Oscar Pistorius: Angel. Devil

2014-04-20 15:00

It took 25 court days for me to catch a definite glimpse of the darker side of Oscar Pistorius.

Sitting in row two of the wood-panelled cocoon that is court GD, right behind the Steenkamp family bench, I must have watched Oscar Pistorius enter and leave the dock more than 100 times.

The complex maze of court benches and dividing panels means that Pistorius’ only way out is a gauntlet that runs right between the intimidating police investigating officers and the raw gaze of members of the Steenkamp and Myers families.

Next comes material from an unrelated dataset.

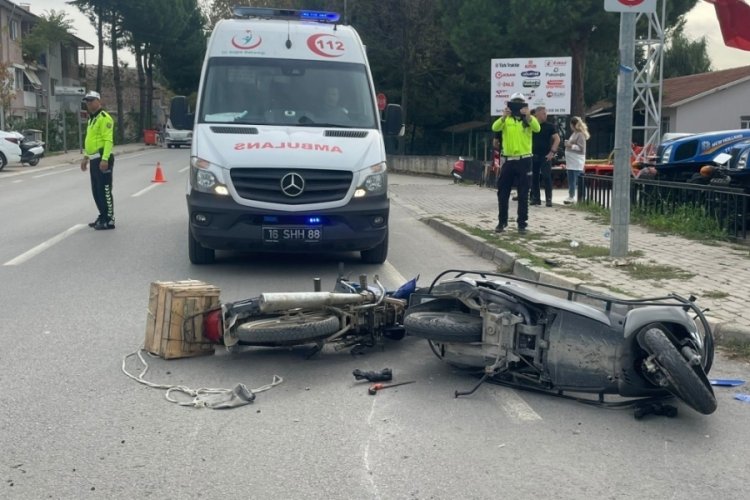 Bursa'da iki motosikletli &ccedil;arpıştı!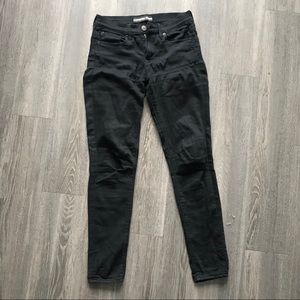 Mid-Rise Black Jean Legging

“Chilling eye contact with the accused” became a game I played with my neighbour, the Daily Maverick’s Rebecca Davis, who coined the phrase as a kind of sarcastic commentary on tabloid court reporting (I think).

From our vantage point behind the Steenkamp family, we watched closely to see who Pistorius would make “chilling eye contact” with as he passed.

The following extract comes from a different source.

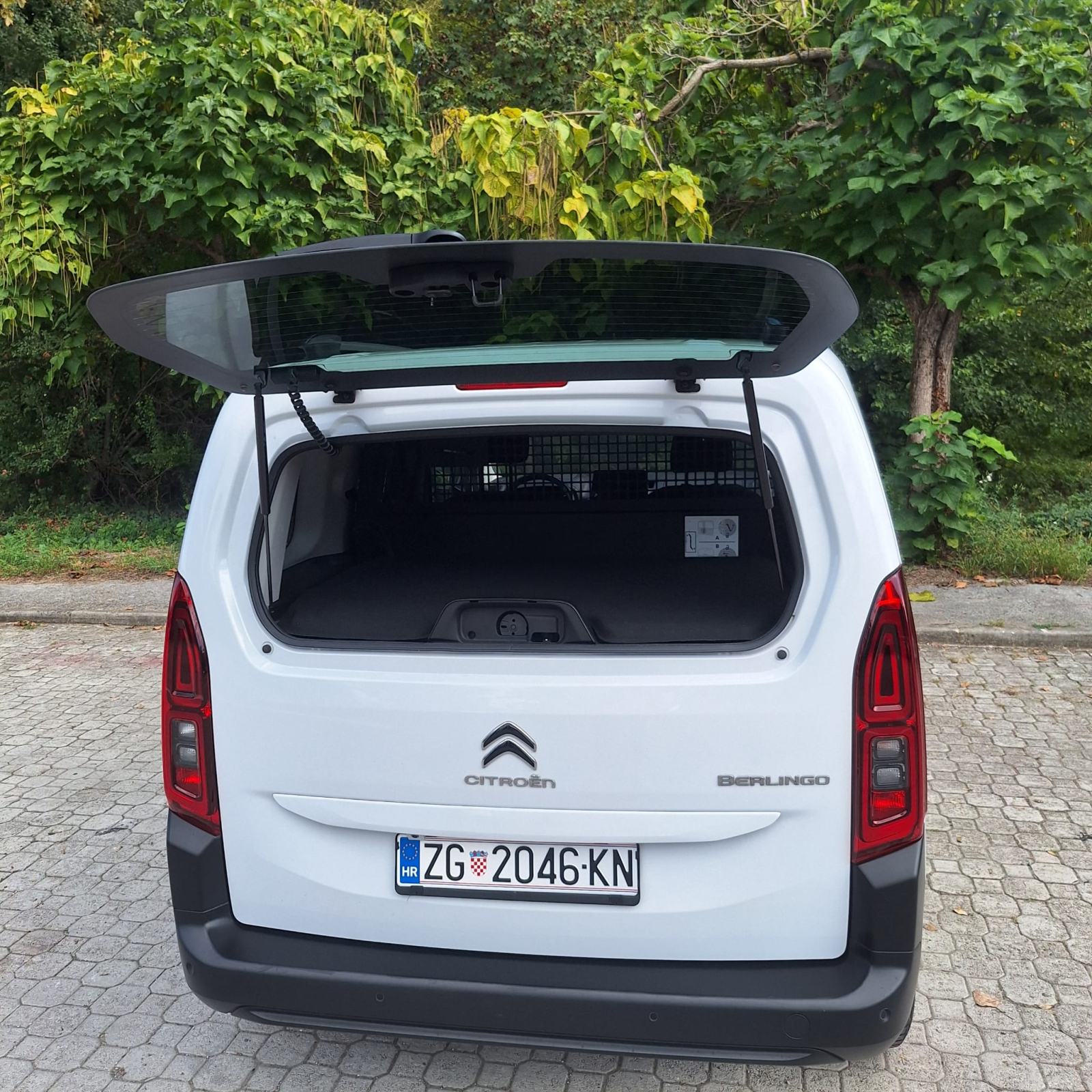 Citroën Berlingo 1,5 BlueHDI 2023, 30800 km, N1, fotografija 8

The inherent idea, of course, is that a cold-blooded killer can freeze law-abiding citizens with a mere glance and look on the family of his victims remorselessly.

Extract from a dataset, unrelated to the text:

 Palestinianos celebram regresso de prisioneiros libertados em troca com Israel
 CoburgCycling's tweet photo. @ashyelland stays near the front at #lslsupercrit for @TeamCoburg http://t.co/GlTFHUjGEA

I was looking for the side of Pistorius that his former girlfriend Samantha Taylor alluded to when she told a newspaper that he wasn’t who people thought he was; the hero who inspired millions. The side of him that would cause him to shoot Reeva through a locked door.

Except I never saw it, really.

Dressed in well-fitting but plain, dark suits, Pistorius’ interactions in the family/police gauntlet in the first two weeks was reminiscent of a dog that has come to expect unkindness from people.

He approached people with trepidation.

When greeting somebody couldn’t be avoided, it was always with an apprehensive nod and tortured, inaudible words.

Mostly, he kept his eyes to the ground.

The first time I locked eyes with Pistorius was unsurprisingly not chilling.

He’d come through a side door that is spring-loaded during a recess when the court was almost completely empty.

Our eyes met and, seconds later, the door crashed shut behind him, causing him to wince apologetically, almost as if he’d dropped a collection plate in a church service.

This picture was not vaguely one of a trigger-happy zombie killer.

For some reason, this image has stuck with me, more so even than the traumatic scenes that unfolded when prosecutor Gerrie Nel confronted Pistorius with a bloody photo of Reeva Steenkamp’s head.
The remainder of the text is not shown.